The L.A. Times would call me hard-hearted, but I don't like giving over my recyclables to pilferers.
After July 4th, my recycling bin was stuffed with a wealth of beer bottles and soda cans. So instead of putting it out the night before for collection, I delayed and put it on the street only when I started hearing collection trucks rumbling by.
Minutes later, I heard the clink of bottles and the rattle of a shopping cart as the items were being plucked from my bin by the enterprising fellow pictured above.
Is he hard-working? Certainly. Deserving? Probably. Indigent scum? Not at all. He's clearly just a guy who's doing a dirty job while trying to make ends meet. So why deny him my refuse?
My argument against pilferers has Utilitarian roots. Simply put, municipal curbside recycling programs perform a greater good for a greater number of people, and I feel it's important to keep them financially viable. Scavengers undermine municipal programs by removing the most valuable items for themselves.
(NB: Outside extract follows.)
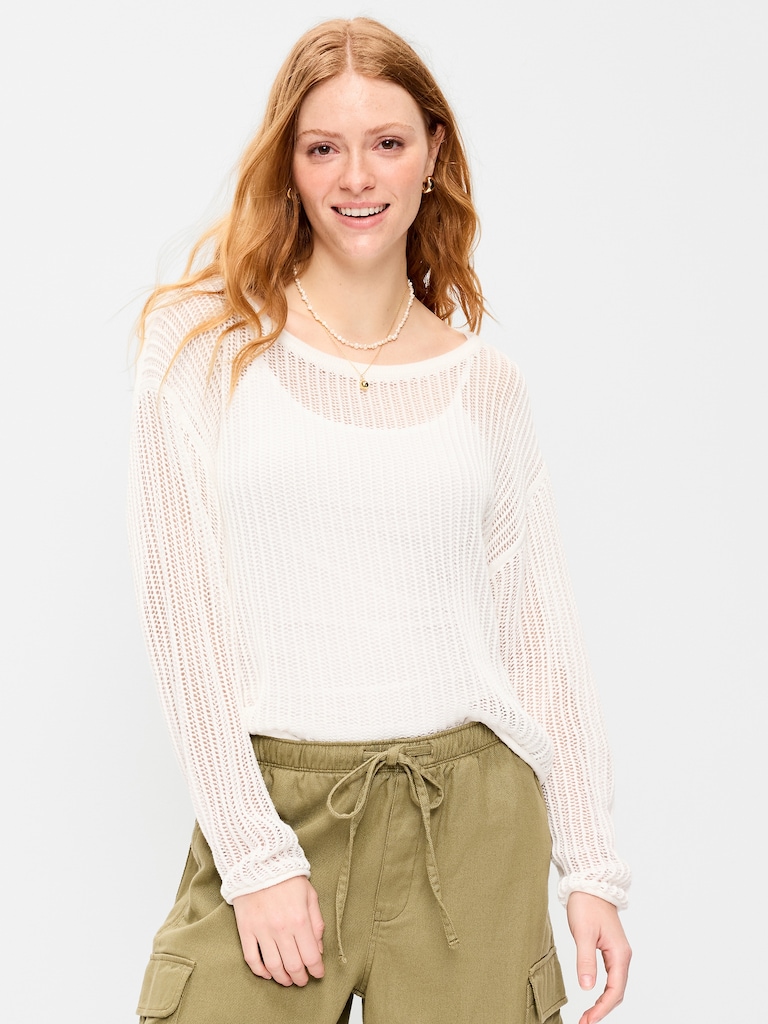 Open-Stitch Cropped Sweater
In 2002, New York City discontinued its curbside recycling program due to budget cuts. Fortunately the program was eventually reinstated, but I don't ever want to run the risk of that happening here, and given California's precarious economic situation, one can't be too cavalier about the permanence of our city services.
The stuff is getting recycled either way, and that's good, but I'd prefer to see the money go to support more recycling programs all over the city than see it support just one guy.